The evidence of both models raised an important theoretical question, i.e., when and/or why each mechanism is used. Speculatively, it is possible, for example, that people are more inclined to use a truncation mechanism for categories with salient boundaries (they may represent the boundaries for categories with salient boundaries). On the other hand, when the boundaries are not directly presented, people may be more likely to represent the prototype of the categories and thus the weighted-average mechanism may be more prominent. Although effects of boundary salience have been examined in the literature (e.g., Simmering & Spencer, 2007; Spencer & Hund, 2002), the topic has not yet been linked to the cause of the bias. Future research can manipulate boundary salience (e.g., dim/thin vs. bright/thick lines), for example, as a path to start answering the question on when and why each mechanism is used.

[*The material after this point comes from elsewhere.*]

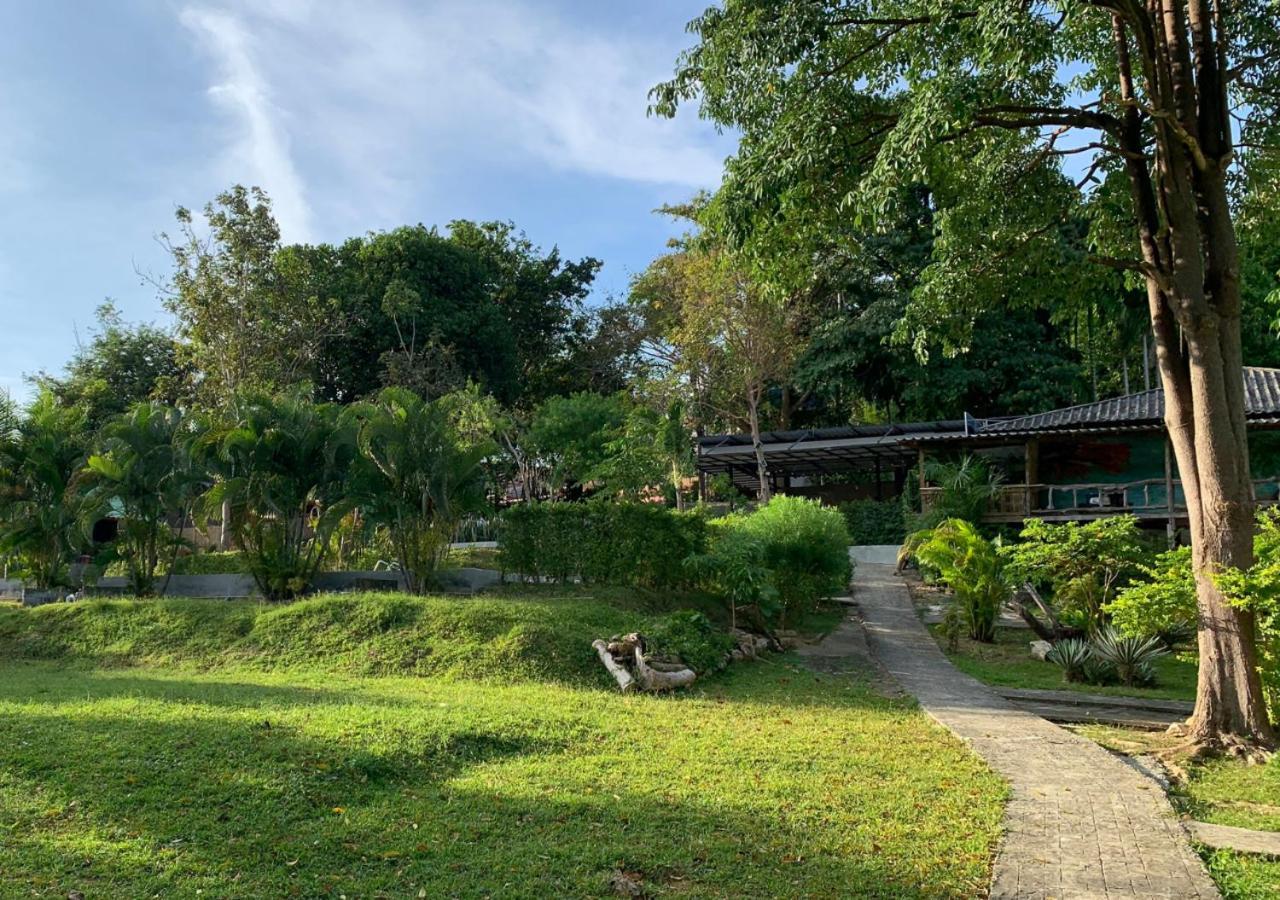 Siam Flora Resort Ko Lanta エクステリア 写真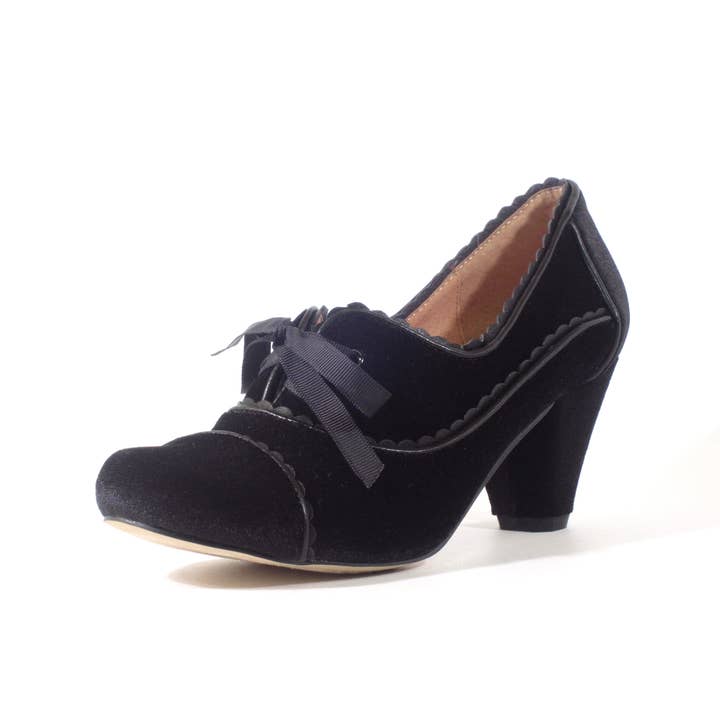 Chelsea Crew – Großhandel Schuhe mit niedrigen Absätzen – Damen – Madison Velvet Retro-Schuhe für den Urlaub1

Another issue that future research needs to examine is with regard to whether categorical and metric cues actually combine when people estimate locations from memory. Sampaio and Wang (2017) found that, in the standard dot-in-circle paradigm, individuals integrate the metric and categorical sources to respond in each trial, as revealed in their distribution of errors (unimodal and centered at a biased location), rather than alternating the use of a single cue in each trial/judgment. Similar to the case of a standard dot-in-circle paradigm, when multiple categories are available at the time of retrieval, there are different possibilities for how different sources of information may be blended. For example, it is possible that the multiple categorical codings merged with the metric information in a given trial to form a single, integrated representation (full combination). Alternatively, each category may compete to combine with the metric information individually and succeed with a certain probability (independent combination). That is, in any given trial, only one of the categories is combined with the metric information. Finally, it is also possible that all sources of information compete individually and no combination occurs in a given trial (full alternation). Thus, every response is made exclusively based on the metric, the default category, or the alternative category, each with a certain probability. Although these scenarios are clearly different from each other, the traditional analysis of mean bias cannot distinguish among them, as it only reflects overall effects. How to differentiate these potential scenarios remains a challenge for future research.

In summary, our studies provided the first experimental evidence for the weighted-average hypothesis and the truncation hypothesis separately using a new distribution shape analysis. Moreover, we found individual differences in estimating locations when multiple categories are available. Some people preferred to combine the metric information with the default and others with the alternative category. Importantly, individuals used different mechanisms of integration for the default and alternative categories; those using the default category primarily result from a weighted average, while those using the alternative category result from a truncation effect at the visible category boundaries.

Author Note

We would like to thank Sabrina Menezes, Chase Walsh, and Michael Williams for collecting the data and the anonymous reviewers for their comments. Data from this article were presented at the 58th Annual Meeting of the Psychonomic Society, Vancouver, Canada in 2017.